Prompt ->
From the listing below, pick out each line with the word "Bathroom".

Entries provided ->
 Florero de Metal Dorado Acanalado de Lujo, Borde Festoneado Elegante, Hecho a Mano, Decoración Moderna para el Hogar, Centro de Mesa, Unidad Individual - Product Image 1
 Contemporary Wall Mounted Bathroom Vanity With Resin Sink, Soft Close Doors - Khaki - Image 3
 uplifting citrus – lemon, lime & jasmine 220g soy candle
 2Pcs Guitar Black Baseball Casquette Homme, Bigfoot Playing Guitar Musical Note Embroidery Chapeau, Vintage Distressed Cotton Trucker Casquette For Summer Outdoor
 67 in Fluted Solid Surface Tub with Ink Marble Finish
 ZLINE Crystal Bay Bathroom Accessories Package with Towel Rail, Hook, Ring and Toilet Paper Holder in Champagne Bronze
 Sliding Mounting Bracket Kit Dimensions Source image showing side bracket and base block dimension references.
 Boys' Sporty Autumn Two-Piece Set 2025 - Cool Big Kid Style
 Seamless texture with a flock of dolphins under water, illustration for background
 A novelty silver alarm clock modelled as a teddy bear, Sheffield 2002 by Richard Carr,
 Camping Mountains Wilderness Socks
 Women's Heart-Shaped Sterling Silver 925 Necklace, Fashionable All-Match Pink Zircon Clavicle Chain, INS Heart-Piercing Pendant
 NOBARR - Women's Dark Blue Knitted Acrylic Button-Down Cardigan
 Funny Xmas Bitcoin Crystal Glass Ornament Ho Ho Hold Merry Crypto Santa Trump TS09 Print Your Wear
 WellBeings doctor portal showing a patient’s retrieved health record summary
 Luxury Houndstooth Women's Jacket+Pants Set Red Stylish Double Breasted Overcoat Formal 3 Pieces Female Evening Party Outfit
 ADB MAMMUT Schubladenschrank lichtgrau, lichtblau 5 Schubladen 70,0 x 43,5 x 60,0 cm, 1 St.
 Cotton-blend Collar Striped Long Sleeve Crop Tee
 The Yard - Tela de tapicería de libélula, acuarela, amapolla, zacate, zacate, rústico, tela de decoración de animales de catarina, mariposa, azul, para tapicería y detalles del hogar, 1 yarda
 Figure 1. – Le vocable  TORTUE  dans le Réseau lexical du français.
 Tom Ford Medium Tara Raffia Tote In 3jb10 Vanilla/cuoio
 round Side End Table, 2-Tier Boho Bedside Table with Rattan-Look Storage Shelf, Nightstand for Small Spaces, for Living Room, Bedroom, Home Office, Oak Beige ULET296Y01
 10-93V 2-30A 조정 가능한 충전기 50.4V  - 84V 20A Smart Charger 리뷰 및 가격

Result of this task ->
 Contemporary Wall Mounted Bathroom Vanity With Resin Sink, Soft Close Doors - Khaki - Image 3
 ZLINE Crystal Bay Bathroom Accessories Package with Towel Rail, Hook, Ring and Toilet Paper Holder in Champagne Bronze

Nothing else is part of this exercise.